In the simplest terms, cloud computing means storing and accessing data and programs over the Internet instead of your computer’s hard drive. The cloud is just a metaphor for the Internet.

What cloud computing is not about is your hard drive. When you store data on or run programs from the hard drive, that’s called local storage and computing. Everything you need is physically close to you, which means accessing your data is fast and easy, for that one computer, or others on the local network.

Why are so many businesses moving to the cloud? It’s because cloud computing increases efficiency, helps improve cash flow and offers many more benefits.

Advantages

1. Flexibility
Cloud-based services are ideal for businesses with growing or fluctuating bandwidth demands. If your needs increase it’s easy to scale up your cloud capacity, drawing on the service’s remote servers. Likewise, if you need to scale down again, the flexibility is there as well.

2. Disaster recovery
Businesses of all sizes should be investing in robust disaster recovery, but for smaller businesses that lack the required cash and expertise, this is often more an ideal than the reality. Cloud is now helping more organisations buck that trend. As a matter of fact, small businesses are twice as likely as larger companies to have implemented cloud-based backup and recovery solutions that save time, avoid large up-front investment and roll up third-party expertise as part of the deal.

3. Automatic software updates
The beauty of cloud computing is that the servers are off-premise, out of sight and out of your hair. Suppliers take care of them for you and roll out regular software updates – including security updates – so you don’t have to worry about wasting time maintaining the system yourself. Leaving you free to focus on the things that matter, like growing your business.
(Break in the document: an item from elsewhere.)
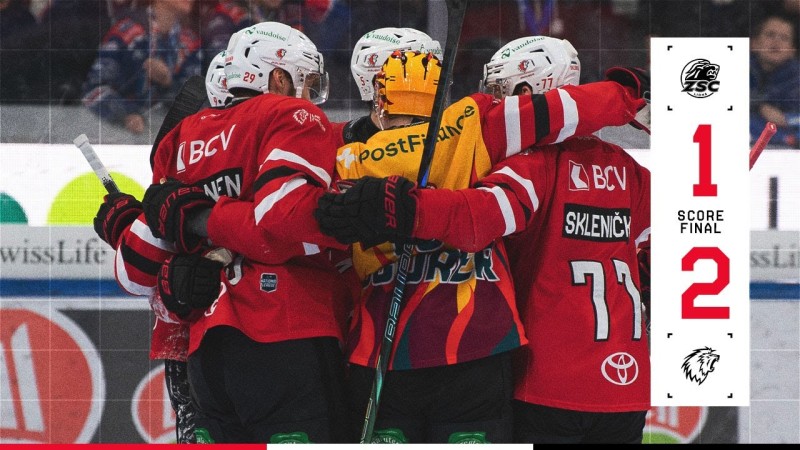 La victoire de Lausanne à Zurich en images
4. Capital-expenditure Free
Cloud computing cuts out the high cost of hardware. You simply pay as you go and enjoy a subscription-based model that’s kind to your cash flow.

5. Work from anywhere
With cloud computing, if you’ve got an internet connection you can be at work. And with most serious cloud services offering mobile apps, you’re not restricted by which device you’ve got to hand.

6. Document control
The more employees and partners collaborate on documents, the greater the need for watertight document control. Before the cloud, workers had to send files back and forth as email attachments to be worked on by one user at a time. Sooner or later – usually sooner – you end up with a mess of conflicting file content, formats and titles.
When you make the move to cloud computing, all files are stored centrally and everyone sees one version of the truth. Greater visibility means improved collaboration, which ultimately means better work and a healthier bottom line. If you’re still relying on the old way, it could be time to try something a little more streamlined.

7. Security
Lost laptops are a billion dollar business problem. And potentially greater than the loss of an expensive piece of kit is the loss of the sensitive data inside it. Cloud computing gives you greater security when this happens. Because your data is stored in the cloud, you can access it no matter what happens to your machine. And you can even remotely wipe data from lost laptops so it doesn’t get into the wrong hands.

8. Competitiveness
Wish there was a simple step you could take to become more competitive? Moving to the cloud gives access to enterprise-class technology, for everyone. It also allows smaller businesses to act faster than big, established competitors. Pay-as-you-go service and cloud business applications mean small outfits can run with the big boys, and disrupt the market, while remaining lean and nimble.

Disadvantages

1. Possible downtime
Cloud computing makes your small business dependent on the reliability of your Internet connection. When it’s offline, you’re offline. If your internet service suffers from frequent outages or slow speeds cloud computing may not be suitable for your business.

2. Security
Although cloud service providers implement the best security standards and industry certifications, storing data and important files on external service providers always opens up risks. Using cloud-powered technologies means you need to provide your service provider with access to important business data.